§ How to complete this task: After locating the line that contains "A landscape with" in the material below, copy that line and each one following it, exactly, up to the last line. Pictures stay out.

----- Data segment -----

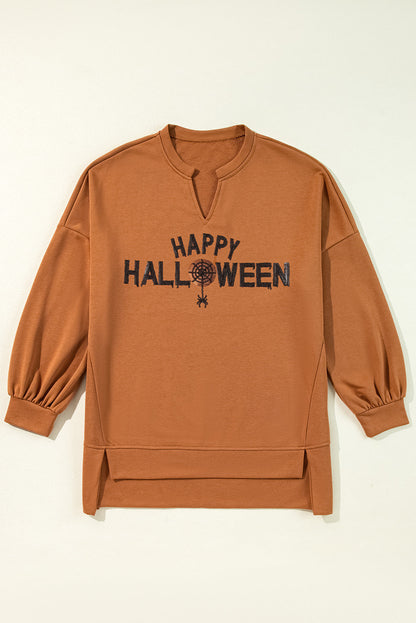 Sequin Happy Halloween Long Sleeve Top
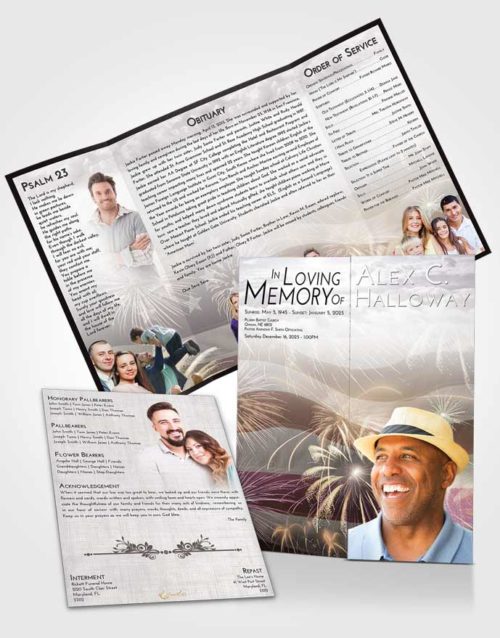 Obituary Funeral Template Gatefold Memorial Brochure Evening American Patriot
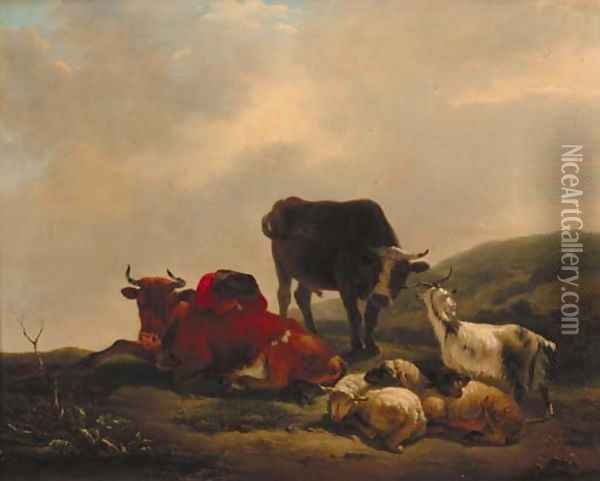 A landscape with a herdsman resting amongst cattle and sheep Oil Painting - Jean Francois Le Gillon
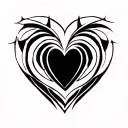 Heart-shaped simple frame  tattoo design idea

-----

§ Answer to this problem:
 A landscape with a herdsman resting amongst cattle and sheep Oil Painting - Jean Francois Le Gillon
 Heart-shaped simple frame  tattoo design idea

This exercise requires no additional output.